Bucket lists are a popular topic among all age groups, but especially those in their 50’s, 60’s and beyond. There was even a popular movie titled The Bucket List, released in 2007, featuring seasoned actors Jack Nicholson and Morgan Freeman – who played two men with terminal illnesses – who wanted to cross items off their own bucket lists before they died.
Of course, you don’t need an illness to start a bucket list. Better to begin long before your own mortality is staring you in the face. Here are some reasons you might or might not want to start and pursue you own bucket list.
Bucket List Pros:
- It’s highly motivational. Just ask someone who completed an item like hiking Machu Picchu or catching that awesome fish, or whatever it is that his or her heart desires. They can’t wait for the next adventure.
- It’s pleasing. Your bucket list items should be fun and bring you joy and a feeling of satisfaction.
- You will be following your own life plan instead of what others expect of you.
- Most of your bucket list items will probably involve others. This gives you many more chances for creating meaningful connections.
- Having important things to do can give you something to live for and actually extend your life.
Bucket List Cons:
- You lose some of your flexibility and spontaneity when following a prescribed list.
- You can become so focused on your bucket list, you forget to enjoy the experience. Remember, it should be about the journey more than the goal.
- You may spend too much time or money out of a compulsion to complete your items.

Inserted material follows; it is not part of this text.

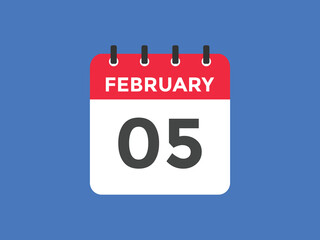 February 05 calendar reminder. 05th February daily calendar icon template. Vector illustration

- If you load your list with irrational items, or take no action, this can be worse than never starting the list.
- Even if you have a rational and achievable list, you may be disappointed if you fail to achieve some of the items on your list.
To speak to the last point, it is perfectly acceptable and to be expected, that you not complete all the items on your list. In fact, if the list is easily achievable, you probably haven’t tried hard enough.
There is a Common Misperception That Bucket lists are Only for Big Items
There is a common misperception that bucket lists are only for big items, but they are really for whatever you find meaningful. Here are the types of things that can go on bucket lists:
- Places you want to see (e.g. Machu Picchu).
- People you want to spend time with (your best friend from high school).
- Physical goals you want to achieve (complete a half or full marathon).
- Things you want to learn (speak a foreign language)
- Habits you want to establish (meditate or establishing exercise routine).
I started my bucket list a dozen years ago and it is gratifying how many of the items my wife and I have completed. Here are just a few: learn to play guitar and perform in a band, take singing lessons, travel to interesting places like Russia, break 100 in golf, learn to play pickleball.
If you are looking for idea starters, try this article from developgoodhabits.com. They not only give you 553 potential bucket list items but also the following great advice for building your own list: “As you go through this list, be sure to write down the items that resonate with your “personal why.” Then add the ideas that sound like a great challenge. Then the stuff that’s fun. Then the ideas that you can share with your significant other. And finally, the ideas that will help with your self-improvement efforts.”
Remember that the bucket list is a positive endeavor – what you intend to do – and not about what you aren’t going to do. Not doing cool stuff is a common deathbed regret. And guess what my friend – you get to define what you consider cool stuff! This is a great privilege but can be wasted if you fail to write out and go make the items on your bucket list happen. What better time to start than right now?